** AVAILABLE DATA follows **

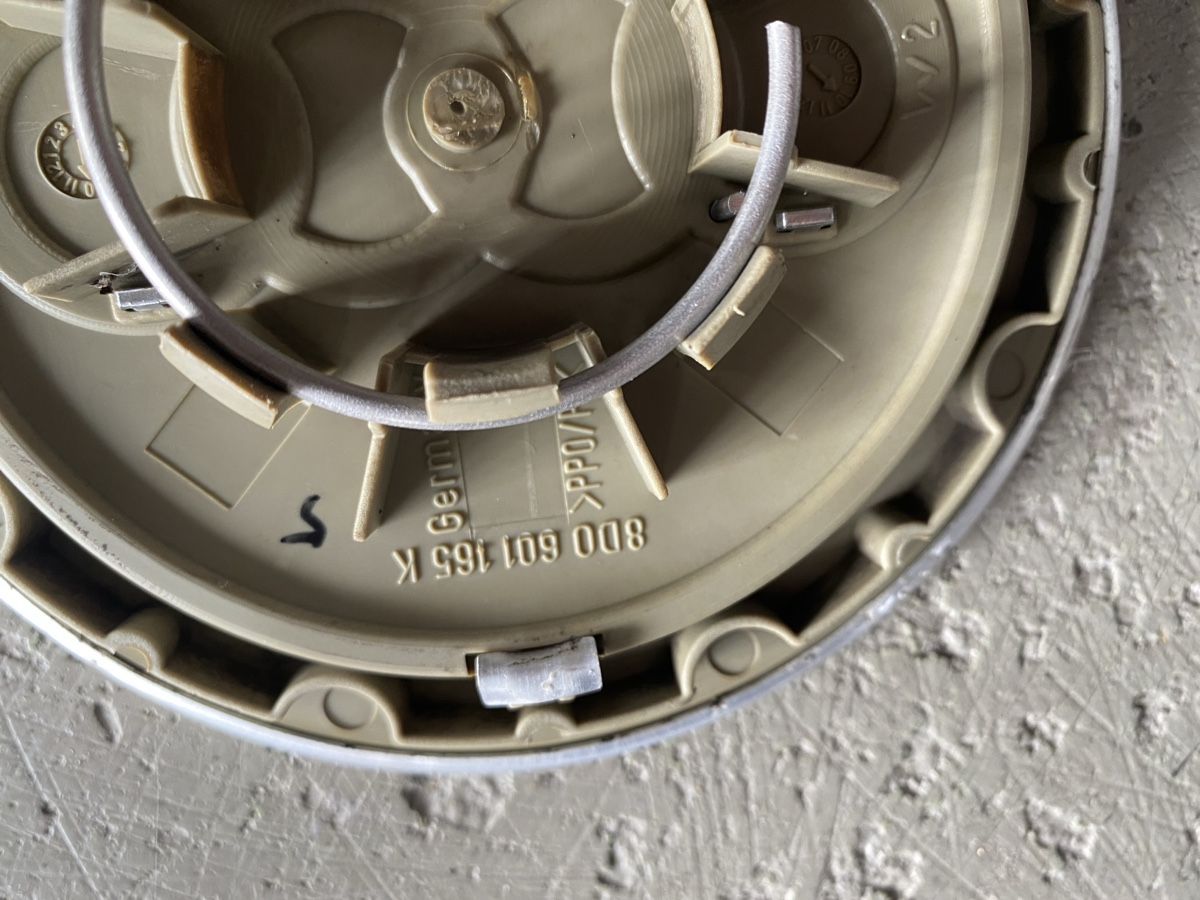 Audi Tutti pezzi di ricambio auto: Original Audi Nabendeckel Felgendeckel – Usato da Beinwil am See venduto da Mpmmechanik 5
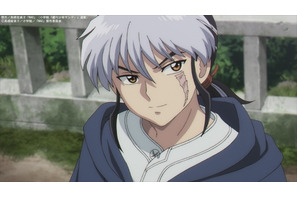 春アニメ「MAO」菜花（CV.川井田夏海）は商店街の門から迷い込んだ見知らぬ世界で摩緒（CV.梶裕貴）という青年と出会い…第1話先行カット 画像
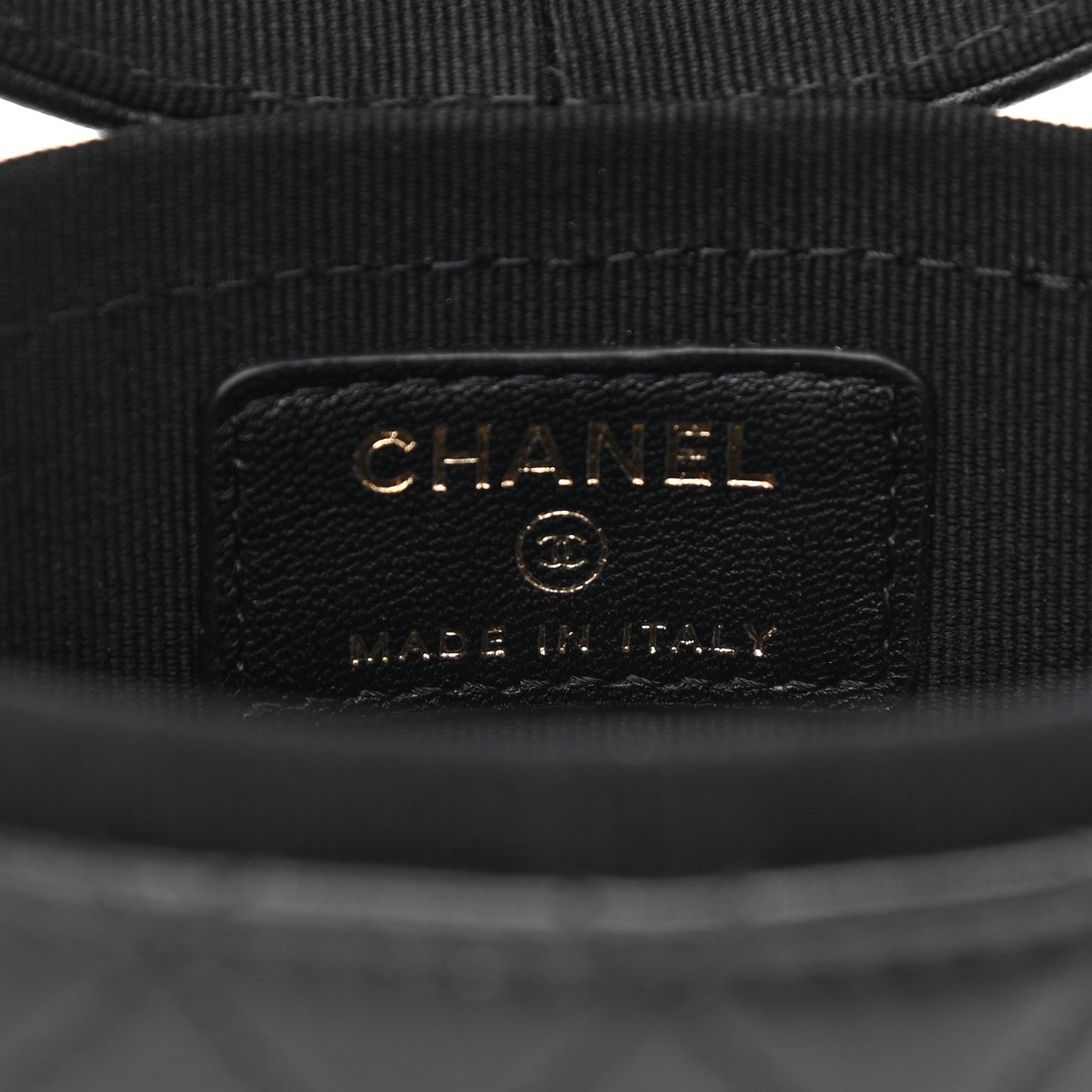 Lambskin Quilted Mini Round Vanity Case With Chain Black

** End of AVAILABLE DATA **

● **TASK BRIEF**: In copying the material, drop all pictures and keep everything else identical.

● **ANSWER TO THIS TASK**:
 Audi Tutti pezzi di ricambio auto: Original Audi Nabendeckel Felgendeckel – Usato da Beinwil am See venduto da Mpmmechanik 5
 春アニメ「MAO」菜花（CV.川井田夏海）は商店街の門から迷い込んだ見知らぬ世界で摩緒（CV.梶裕貴）という青年と出会い…第1話先行カット 画像
 Lambskin Quilted Mini Round Vanity Case With Chain Black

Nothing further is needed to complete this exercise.